Just a handful of entrepreneurs often transform society when it comes to innovation. Free will belongs there somewhere, something reflected in the different behaviors among siblings (even twins) raised in the same home environment and the chicken-or-egg question of whether an entrepreneur is “born or made” (see the work of the Kirzner Entrepreneurship Center).

A firm’s early years depend on momentum and speed and the “energy, focus and flexibility of their leaders” as described in Where the Jobs Are: Entrepreneurship and the Soul of the American Economy by John Dearie and Courtney Geduldig. As scholars Steven W. Bradley and Peter Klein have noted “[t]here are “many available aggregate measures of entrepreneurship, such as the number of start-ups and the percentage of the population that is self-employed, but these do not necessarily capture abstract concepts of alertness, judgment, and innovation.”

Who finally takes the entrepreneurial leap on the international stage and what influences them?
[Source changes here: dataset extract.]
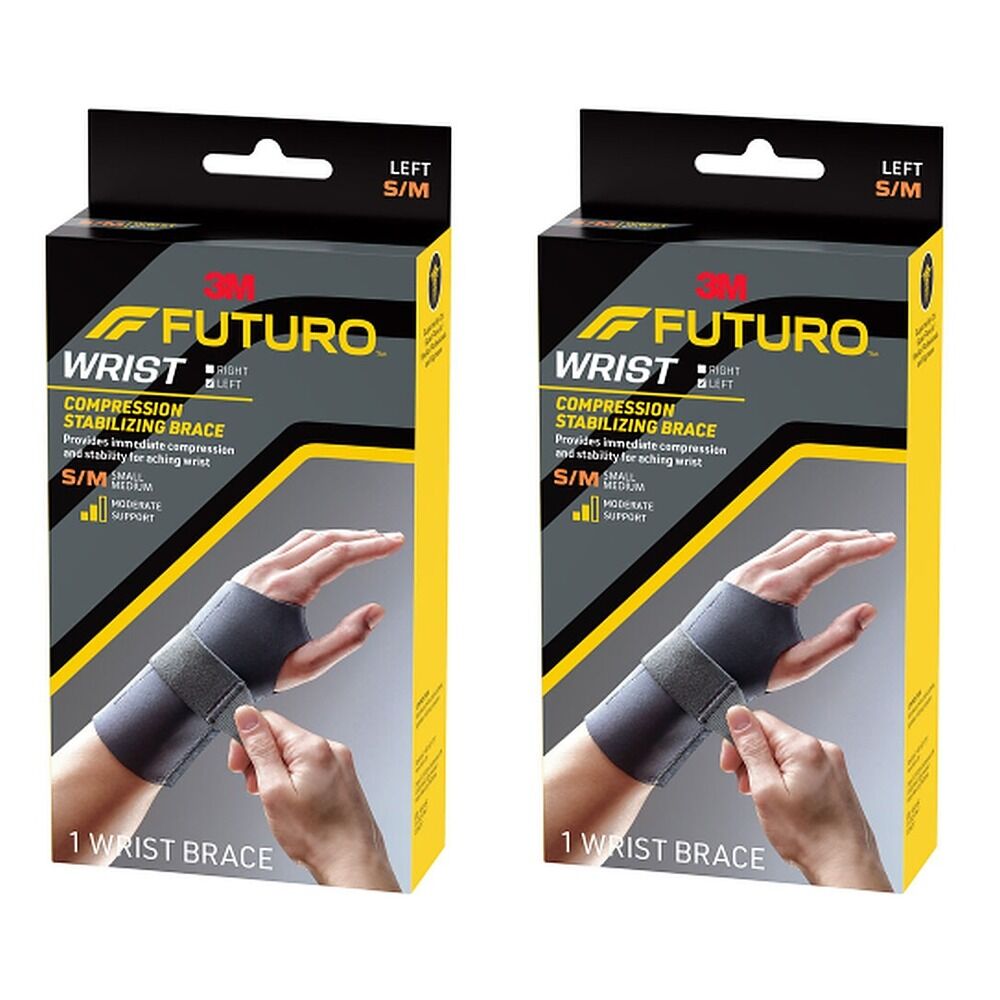 Futuro Compression Stabilizing Wrist Brace, Left Hand, Size S/M Pack of 2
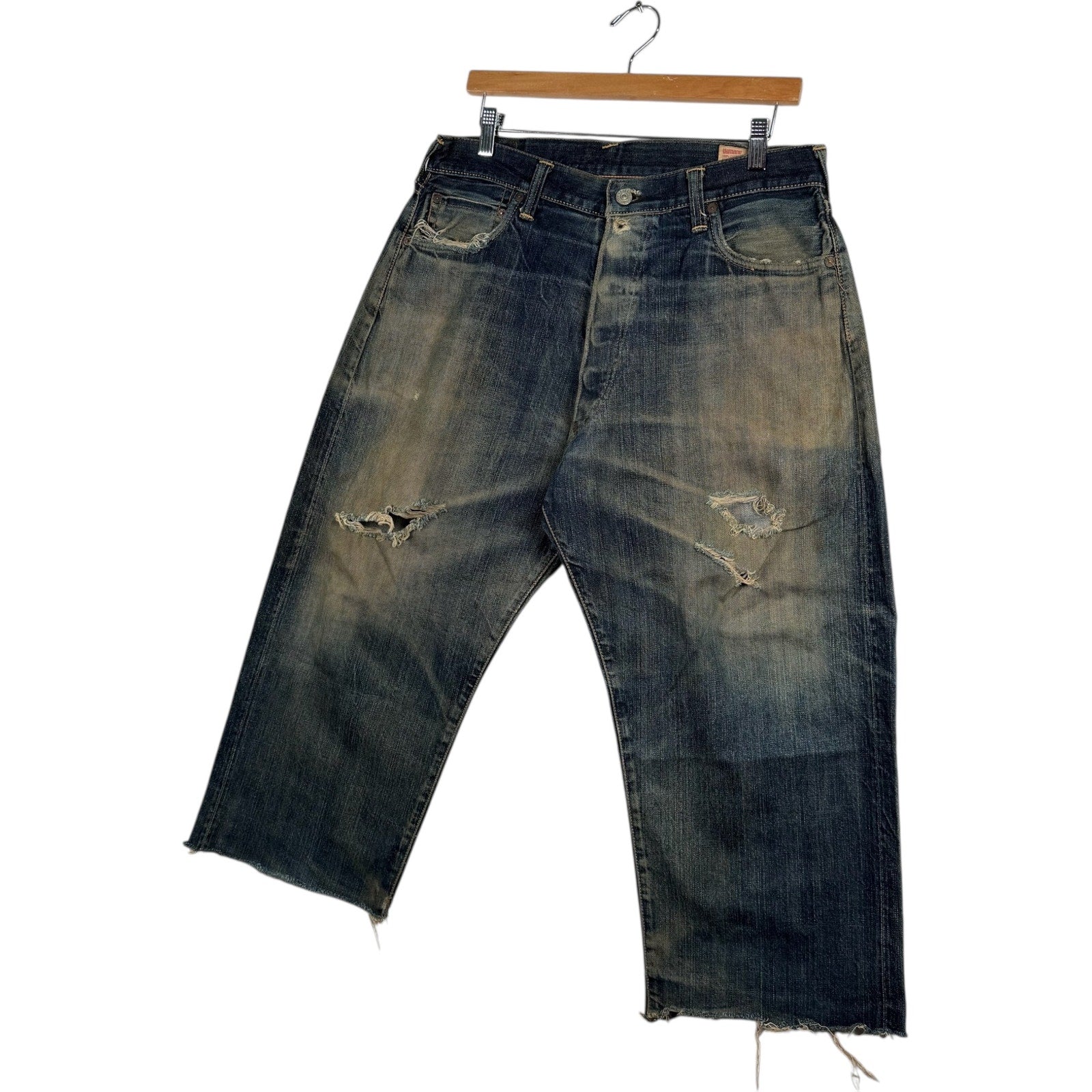 Y2K Evisu Hello Kitty Embroidered Straight Leg Denim Jeans 36x35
Noting the already then-“burgeoning” nature of the literature on the “influence of regulation of product and labor markets on GDP growth, TFP [total factor productivity], investment, and employment using macro data,” Silvia Ardagna and Annamaria Lusardi took advantage of the earlier days of the Global Entrepreneurship Monitor (GEM) micro dataset to study “how a country’s regulatory and legal environment affect individuals’ decisions to engage in new entrepreneurial activity.” They looked at “regulation of entry, regulation of contract enforcement, and regulation of labor” noting that regulation can have both public-interest and public choice motivations.” Their research finds that “individual characteristics, such as gender, age, and status in the workforce are important determinants of entrepreneurship,” and that “social networks, self-assessed skills, and attitudes toward risk,” along with regulation, play roles:

“Consistent with the public choice model, we find that regulation acts as a detriment to entrepreneurship, particularly for those individuals who become entrepreneurs to pursue a business opportunity. In our empirical analysis, we estimate the effect of regulation via its impact on individual characteristics. Regulation has the greatest impact on the effects of social network, business skills, attitudes toward risk, and working status. Specifically, regulation attenuates the effect of social networks, business skills, and working status on entrepreneurship while it strengthens the impact of attitudes toward risk. We find also that several individual characteristics—gender, age, and education—are important determinants of entrepreneurship, though their effects differ across types of entrepreneurship. For example, the estimates of education are positive and statistically significant for individuals who become entrepreneurs to pursue a business opportunity, while they are negative and statistically significant for those whose entrepreneurial activity is simply remedial. This finding further highlights the importance of being able to distinguish between types of entrepreneurs.” (p. 4)

Related work by Ardagna and Lusardi strongly indicates that remedial entrepreneurship—that engaged in when no other options exist—is “accentuated” for the disadvantaged by entry regulation. For example, “women are more likely to enter into entrepreneurship in countries with higher levels of entry regulation, but mainly because they cannot find better work,” something pronounced in “less financially developed” countries.

Appropriately, avenues for future research on gender and others aspects can and will continue to be explored as datasets like GEM expand and improve in usefulness.

The lessons for policymakers go beyond just the obvious observation by scholars that more regulation can mean less entrepreneurship. The characteristics of the citizenry as groups, families and individuals also play a role in responses to public policy changes, and these distinctions are likely to increasingly play a part in academic research and policy formulation.

Compilations like the Global Entrepreneurship Monitor and the World Bank’s Doing Businesssurvey of conditions in various nations will continue to be explored by scholars of entrepreneurship and policymakers. Over time this can lead to better understanding of the influence of the state on individuals’ willingness to take entrepreneurial risks.